Hello, I have some common libraries (including pys...
# ask-the-community
Hello, I have some common libraries (including pyspark) from both public and private repos that I would like all my flyte workflows to share. To do that, I would like to build a custom flyte docker image. However, I am not able to find a clear documentation on how to do it and how to refer to the custom image when running or registering my flows. Could you please help? Thanks a lot.

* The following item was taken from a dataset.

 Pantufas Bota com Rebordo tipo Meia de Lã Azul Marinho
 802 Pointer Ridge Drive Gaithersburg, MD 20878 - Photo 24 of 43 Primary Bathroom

@Frank Shen, first of all, sorry for the confusion in the docs. You have a few options to specify the image during registration, if you're using any of our CLIs you can follow https://docs.flyte.org/projects/cookbook/en/latest/auto/deployment/deploying_workflows.html#register-your-workflows-and-tasks
but if you're following a more programmatic approach (in python), you can use flyteremote to register your workflows/tasks: https://docs.flyte.org/projects/flytekit/en/latest/design/control_plane.html#registering-entities
@Eduardo Apolinario (eapolinario), thank you. I need to figure out how to build a custom flyte docker image. Are you aware of any git repo to start the process?
if you follow https://docs.flyte.org/projects/cookbook/en/latest/auto/larger_apps/index.html you'll notice that you can use
pyflyte init
to get scaffolding for a flyte project, including a dockerfile
then it's a matter of using building an image and pushing it to a docker registry accessible to your flyte deployment.
Thanks @Eduardo Apolinario (eapolinario). I noticed that in the standard flyte image, spark jobs cannot be run due to missing flyte spark modules, is that correct?
If so, what spark dependencies do I need to specify in the requirements.txt? e.g. flytekitplugins-spark==1.2.1
yes, the flytekit plugin packages don’t exist in the default image.
@Eduardo Apolinario (eapolinario), Do I need flytekit==1.1.3 in the requirements.txt?
flytekit 1.2.1 is the latest, @Frank Shen. And yes, flytekitplugins-spark==1.2.1 should suffice.